Excerpts from a dataset:
########################################

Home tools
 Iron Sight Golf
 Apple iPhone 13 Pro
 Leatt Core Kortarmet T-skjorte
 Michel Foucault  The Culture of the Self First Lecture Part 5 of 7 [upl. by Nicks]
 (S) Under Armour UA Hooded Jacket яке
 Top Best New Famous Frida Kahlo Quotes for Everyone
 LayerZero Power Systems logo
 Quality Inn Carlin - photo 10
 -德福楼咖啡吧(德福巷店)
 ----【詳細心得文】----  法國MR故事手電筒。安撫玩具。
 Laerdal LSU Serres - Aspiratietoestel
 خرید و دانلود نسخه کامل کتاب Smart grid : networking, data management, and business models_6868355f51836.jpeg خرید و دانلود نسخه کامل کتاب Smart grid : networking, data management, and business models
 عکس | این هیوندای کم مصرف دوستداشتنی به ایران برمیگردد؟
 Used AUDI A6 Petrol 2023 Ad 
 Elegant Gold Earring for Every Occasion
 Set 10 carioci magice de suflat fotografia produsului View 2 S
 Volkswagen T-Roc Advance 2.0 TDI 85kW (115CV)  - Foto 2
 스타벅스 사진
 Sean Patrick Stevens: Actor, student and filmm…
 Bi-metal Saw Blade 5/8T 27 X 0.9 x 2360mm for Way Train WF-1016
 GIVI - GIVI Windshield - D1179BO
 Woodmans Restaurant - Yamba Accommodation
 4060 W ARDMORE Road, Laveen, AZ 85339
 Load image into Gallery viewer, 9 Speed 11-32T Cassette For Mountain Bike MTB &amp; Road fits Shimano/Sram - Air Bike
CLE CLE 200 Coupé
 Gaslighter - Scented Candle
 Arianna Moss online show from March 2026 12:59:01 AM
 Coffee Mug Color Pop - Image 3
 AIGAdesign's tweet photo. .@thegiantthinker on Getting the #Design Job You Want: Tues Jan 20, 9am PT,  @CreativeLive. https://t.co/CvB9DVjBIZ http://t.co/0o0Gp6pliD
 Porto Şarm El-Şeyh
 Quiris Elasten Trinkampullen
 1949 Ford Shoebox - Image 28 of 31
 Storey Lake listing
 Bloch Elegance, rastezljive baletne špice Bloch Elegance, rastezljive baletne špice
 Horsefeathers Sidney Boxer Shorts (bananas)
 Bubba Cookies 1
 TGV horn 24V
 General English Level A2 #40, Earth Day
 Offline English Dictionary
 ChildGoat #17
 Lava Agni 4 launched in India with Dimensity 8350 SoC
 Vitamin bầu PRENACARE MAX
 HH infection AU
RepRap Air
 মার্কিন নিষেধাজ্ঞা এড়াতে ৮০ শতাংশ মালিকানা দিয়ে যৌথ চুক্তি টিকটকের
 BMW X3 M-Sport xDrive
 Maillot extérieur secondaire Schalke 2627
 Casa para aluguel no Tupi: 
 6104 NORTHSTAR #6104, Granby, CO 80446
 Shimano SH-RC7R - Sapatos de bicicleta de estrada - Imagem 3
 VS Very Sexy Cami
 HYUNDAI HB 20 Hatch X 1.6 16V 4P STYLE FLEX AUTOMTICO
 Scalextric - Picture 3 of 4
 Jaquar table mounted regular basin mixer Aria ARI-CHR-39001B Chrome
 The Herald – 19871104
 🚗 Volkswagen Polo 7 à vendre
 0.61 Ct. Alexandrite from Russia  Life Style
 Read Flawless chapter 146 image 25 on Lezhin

########################################

§ WHAT YOU SHOULD DO: Copy every line in the data above that has the string "Volkswagen" in it.

§ EXERCISE RESULT:
 Volkswagen T-Roc Advance 2.0 TDI 85kW (115CV)  - Foto 2
 🚗 Volkswagen Polo 7 à vendre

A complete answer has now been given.